Diversification Opportunities for Discover Financial and CONSOLIDATED
-0.35 | Correlation Coefficient |
Very good diversification
The 3 months correlation between Discover and CONSOLIDATED is -0.35. Overlapping area represents the amount of risk that can be diversified away by holding Discover Financial Services and CONSOLIDATED EDISON N in the same portfolio, assuming nothing else is changed. The correlation between historical prices or returns on CONSOLIDATED EDISON and Discover Financial is a relative statistical measure of the degree to which these equity instruments tend to move together. The correlation coefficient measures the extent to which returns on Discover Financial Services are associated (or correlated) with CONSOLIDATED. Values of the correlation coefficient range from -1 to +1, where. The correlation of zero (0) is possible when the price movement of CONSOLIDATED EDISON has no effect on the direction of Discover Financial i.e., Discover Financial and CONSOLIDATED go up and down completely randomly.
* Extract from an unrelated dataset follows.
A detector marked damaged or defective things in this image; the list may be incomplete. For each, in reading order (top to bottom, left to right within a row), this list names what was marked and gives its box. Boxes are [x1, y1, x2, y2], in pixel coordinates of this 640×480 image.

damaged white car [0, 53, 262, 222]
Pair Corralation between Discover Financial and CONSOLIDATED
Considering the 90-day investment horizon Discover Financial Services is expected to under-perform the CONSOLIDATED. In addition to that, Discover Financial is 2.83 times more volatile than CONSOLIDATED EDISON N. It trades about -0.01 of its total potential returns per unit of risk. CONSOLIDATED EDISON N is currently generating about 0.01 per unit of volatility. If you would invest 9,930 in CONSOLIDATED EDISON N on December 26, 2024 and sell it today you would earn a total of 39.00 from holding CONSOLIDATED EDISON N or generate 0.39% return on investment over 90 days.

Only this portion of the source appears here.